In the listing below, transcribe the line that contains "Load image into" and all lines following it, ending with the last line. Add nothing.

[Start of Attachment]

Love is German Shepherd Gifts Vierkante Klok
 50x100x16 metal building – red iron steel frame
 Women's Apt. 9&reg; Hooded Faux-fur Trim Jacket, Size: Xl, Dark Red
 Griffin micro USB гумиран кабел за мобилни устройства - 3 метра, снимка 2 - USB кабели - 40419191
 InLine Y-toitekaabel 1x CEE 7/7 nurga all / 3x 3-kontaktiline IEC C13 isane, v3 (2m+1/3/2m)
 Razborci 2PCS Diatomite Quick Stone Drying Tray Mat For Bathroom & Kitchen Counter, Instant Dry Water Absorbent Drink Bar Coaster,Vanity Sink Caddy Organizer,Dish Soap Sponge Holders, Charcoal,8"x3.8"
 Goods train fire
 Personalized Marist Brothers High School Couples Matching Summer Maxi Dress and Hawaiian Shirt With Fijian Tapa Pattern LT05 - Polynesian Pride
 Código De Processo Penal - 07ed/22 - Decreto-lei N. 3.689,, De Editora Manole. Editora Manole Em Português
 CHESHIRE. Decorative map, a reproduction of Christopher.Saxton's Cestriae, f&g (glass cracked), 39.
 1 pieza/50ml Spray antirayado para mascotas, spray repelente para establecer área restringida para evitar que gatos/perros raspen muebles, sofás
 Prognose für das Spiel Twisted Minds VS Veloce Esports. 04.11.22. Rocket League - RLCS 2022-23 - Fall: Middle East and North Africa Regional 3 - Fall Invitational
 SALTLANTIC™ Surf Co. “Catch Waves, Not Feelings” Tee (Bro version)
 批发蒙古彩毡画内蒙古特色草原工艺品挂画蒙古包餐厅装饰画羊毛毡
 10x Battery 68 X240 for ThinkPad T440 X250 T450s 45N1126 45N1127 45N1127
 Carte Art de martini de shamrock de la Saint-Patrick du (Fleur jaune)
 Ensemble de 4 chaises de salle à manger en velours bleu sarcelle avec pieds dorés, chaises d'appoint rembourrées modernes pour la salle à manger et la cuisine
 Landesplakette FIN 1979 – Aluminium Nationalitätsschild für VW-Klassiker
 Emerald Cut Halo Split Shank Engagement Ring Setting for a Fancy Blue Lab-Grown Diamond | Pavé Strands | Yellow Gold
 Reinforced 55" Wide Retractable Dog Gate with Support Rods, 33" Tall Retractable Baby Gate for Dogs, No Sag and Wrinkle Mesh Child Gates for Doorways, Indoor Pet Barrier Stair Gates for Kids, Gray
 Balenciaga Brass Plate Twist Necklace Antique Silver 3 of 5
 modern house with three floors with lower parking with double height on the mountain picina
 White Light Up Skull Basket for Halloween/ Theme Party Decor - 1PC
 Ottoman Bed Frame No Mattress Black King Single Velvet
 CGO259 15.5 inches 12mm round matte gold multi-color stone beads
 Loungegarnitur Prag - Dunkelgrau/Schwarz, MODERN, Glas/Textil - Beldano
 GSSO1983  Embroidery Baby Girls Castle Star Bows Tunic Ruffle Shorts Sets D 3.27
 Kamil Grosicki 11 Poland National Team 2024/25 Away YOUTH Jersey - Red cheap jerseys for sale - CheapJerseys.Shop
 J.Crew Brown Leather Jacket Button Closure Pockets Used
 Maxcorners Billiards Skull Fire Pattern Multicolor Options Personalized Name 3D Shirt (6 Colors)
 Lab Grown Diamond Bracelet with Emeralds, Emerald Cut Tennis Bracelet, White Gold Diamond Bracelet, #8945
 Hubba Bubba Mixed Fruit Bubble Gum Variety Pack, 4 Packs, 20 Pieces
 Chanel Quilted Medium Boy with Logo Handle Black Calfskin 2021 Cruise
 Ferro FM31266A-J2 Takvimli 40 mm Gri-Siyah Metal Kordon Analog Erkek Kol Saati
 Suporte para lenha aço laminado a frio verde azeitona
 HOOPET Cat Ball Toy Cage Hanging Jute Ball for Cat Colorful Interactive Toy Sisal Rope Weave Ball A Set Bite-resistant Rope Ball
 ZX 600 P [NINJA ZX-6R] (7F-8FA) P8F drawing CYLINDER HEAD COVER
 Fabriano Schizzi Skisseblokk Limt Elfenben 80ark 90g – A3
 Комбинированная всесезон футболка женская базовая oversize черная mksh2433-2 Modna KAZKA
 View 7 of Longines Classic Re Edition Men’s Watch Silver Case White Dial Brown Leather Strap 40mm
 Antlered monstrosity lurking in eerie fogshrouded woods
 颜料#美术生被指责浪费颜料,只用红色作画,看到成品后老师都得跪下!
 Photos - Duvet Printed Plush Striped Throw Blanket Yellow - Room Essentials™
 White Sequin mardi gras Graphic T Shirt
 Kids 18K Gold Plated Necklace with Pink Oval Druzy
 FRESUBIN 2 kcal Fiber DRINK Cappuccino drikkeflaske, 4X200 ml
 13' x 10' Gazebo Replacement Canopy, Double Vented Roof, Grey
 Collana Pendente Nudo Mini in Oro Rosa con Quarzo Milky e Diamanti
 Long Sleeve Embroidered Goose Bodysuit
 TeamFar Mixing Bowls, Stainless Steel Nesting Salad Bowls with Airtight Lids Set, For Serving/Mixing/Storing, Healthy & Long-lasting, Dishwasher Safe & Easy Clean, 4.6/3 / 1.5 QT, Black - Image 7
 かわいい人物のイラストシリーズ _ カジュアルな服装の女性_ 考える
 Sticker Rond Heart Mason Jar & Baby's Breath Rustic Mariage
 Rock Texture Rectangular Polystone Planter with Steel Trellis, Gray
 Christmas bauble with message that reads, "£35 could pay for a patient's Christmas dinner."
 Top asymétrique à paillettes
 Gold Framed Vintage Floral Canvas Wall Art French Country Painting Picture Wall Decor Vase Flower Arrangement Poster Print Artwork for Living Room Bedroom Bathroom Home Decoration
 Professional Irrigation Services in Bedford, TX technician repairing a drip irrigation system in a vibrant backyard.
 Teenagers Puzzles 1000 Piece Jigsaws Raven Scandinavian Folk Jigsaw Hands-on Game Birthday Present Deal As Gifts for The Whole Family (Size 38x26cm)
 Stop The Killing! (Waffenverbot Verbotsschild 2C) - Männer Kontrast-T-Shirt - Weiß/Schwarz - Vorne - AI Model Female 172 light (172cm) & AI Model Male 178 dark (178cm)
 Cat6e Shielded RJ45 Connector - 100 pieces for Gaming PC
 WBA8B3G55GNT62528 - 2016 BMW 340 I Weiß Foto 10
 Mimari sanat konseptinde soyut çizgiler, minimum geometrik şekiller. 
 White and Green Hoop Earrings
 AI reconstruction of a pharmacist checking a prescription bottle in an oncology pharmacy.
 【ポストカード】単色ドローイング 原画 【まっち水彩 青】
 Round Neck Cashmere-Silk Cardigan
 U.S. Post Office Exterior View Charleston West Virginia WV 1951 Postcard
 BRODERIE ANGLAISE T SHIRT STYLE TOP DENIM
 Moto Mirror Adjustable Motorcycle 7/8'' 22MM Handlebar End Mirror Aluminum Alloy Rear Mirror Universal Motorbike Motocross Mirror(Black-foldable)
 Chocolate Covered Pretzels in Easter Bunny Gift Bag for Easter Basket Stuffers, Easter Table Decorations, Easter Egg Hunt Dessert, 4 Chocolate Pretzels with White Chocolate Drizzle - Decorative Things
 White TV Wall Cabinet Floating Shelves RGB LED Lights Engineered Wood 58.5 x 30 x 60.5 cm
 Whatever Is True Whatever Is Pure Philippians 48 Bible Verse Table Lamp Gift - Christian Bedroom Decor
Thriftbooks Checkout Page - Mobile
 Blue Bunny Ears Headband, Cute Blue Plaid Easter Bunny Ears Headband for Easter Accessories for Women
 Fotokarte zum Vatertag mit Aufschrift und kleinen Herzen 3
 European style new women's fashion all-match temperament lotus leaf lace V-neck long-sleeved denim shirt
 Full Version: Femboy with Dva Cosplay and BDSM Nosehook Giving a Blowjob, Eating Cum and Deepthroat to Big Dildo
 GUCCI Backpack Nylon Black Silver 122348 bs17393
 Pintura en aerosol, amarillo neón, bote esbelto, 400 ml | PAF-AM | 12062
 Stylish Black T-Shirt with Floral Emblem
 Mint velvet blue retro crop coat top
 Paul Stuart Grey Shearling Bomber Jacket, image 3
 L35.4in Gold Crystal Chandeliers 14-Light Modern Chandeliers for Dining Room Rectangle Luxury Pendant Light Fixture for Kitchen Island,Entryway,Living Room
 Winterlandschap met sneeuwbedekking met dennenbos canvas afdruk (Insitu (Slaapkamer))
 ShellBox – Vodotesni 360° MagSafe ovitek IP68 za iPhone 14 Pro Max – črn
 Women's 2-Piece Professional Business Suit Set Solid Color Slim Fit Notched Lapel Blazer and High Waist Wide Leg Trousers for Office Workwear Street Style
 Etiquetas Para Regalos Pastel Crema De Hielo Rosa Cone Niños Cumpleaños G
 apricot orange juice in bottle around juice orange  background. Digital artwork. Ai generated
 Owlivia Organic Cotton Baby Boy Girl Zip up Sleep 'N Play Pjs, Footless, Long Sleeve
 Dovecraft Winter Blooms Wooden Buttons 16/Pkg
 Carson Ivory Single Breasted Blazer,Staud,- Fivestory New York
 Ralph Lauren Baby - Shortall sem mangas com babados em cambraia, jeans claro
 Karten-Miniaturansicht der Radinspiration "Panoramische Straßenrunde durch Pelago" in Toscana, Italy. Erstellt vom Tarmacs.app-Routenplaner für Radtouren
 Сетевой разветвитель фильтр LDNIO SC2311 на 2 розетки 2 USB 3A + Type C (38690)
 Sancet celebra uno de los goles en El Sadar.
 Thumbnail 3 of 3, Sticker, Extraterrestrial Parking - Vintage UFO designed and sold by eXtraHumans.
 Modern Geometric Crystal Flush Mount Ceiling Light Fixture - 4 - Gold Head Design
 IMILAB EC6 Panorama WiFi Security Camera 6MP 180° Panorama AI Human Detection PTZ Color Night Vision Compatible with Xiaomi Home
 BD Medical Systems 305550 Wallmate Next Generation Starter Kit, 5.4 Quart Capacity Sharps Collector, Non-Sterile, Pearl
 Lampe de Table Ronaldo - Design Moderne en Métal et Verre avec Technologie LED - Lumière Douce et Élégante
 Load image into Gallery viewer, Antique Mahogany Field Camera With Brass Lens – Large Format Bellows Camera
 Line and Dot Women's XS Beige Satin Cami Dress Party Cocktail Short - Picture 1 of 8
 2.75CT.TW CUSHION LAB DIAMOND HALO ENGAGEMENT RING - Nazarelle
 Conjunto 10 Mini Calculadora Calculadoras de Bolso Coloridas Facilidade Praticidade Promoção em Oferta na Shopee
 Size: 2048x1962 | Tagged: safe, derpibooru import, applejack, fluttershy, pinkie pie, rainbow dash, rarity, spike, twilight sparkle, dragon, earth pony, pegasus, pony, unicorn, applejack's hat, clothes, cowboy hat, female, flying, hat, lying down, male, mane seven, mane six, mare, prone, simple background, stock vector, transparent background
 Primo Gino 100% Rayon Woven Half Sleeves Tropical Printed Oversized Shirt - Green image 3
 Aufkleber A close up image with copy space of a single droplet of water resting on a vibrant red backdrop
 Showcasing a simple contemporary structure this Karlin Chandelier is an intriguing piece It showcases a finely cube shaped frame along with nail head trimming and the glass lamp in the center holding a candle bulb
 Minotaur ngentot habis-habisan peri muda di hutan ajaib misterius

[End of Attachment]

**RESPONSE TO THIS TASK**.
 Load image into Gallery viewer, Antique Mahogany Field Camera With Brass Lens – Large Format Bellows Camera
 Line and Dot Women's XS Beige Satin Cami Dress Party Cocktail Short - Picture 1 of 8
 2.75CT.TW CUSHION LAB DIAMOND HALO ENGAGEMENT RING - Nazarelle
 Conjunto 10 Mini Calculadora Calculadoras de Bolso Coloridas Facilidade Praticidade Promoção em Oferta na Shopee
 Size: 2048x1962 | Tagged: safe, derpibooru import, applejack, fluttershy, pinkie pie, rainbow dash, rarity, spike, twilight sparkle, dragon, earth pony, pegasus, pony, unicorn, applejack's hat, clothes, cowboy hat, female, flying, hat, lying down, male, mane seven, mane six, mare, prone, simple background, stock vector, transparent background
 Primo Gino 100% Rayon Woven Half Sleeves Tropical Printed Oversized Shirt - Green image 3
 Aufkleber A close up image with copy space of a single droplet of water resting on a vibrant red backdrop
 Showcasing a simple contemporary structure this Karlin Chandelier is an intriguing piece It showcases a finely cube shaped frame along with nail head trimming and the glass lamp in the center holding a candle bulb
 Minotaur ngentot habis-habisan peri muda di hutan ajaib misterius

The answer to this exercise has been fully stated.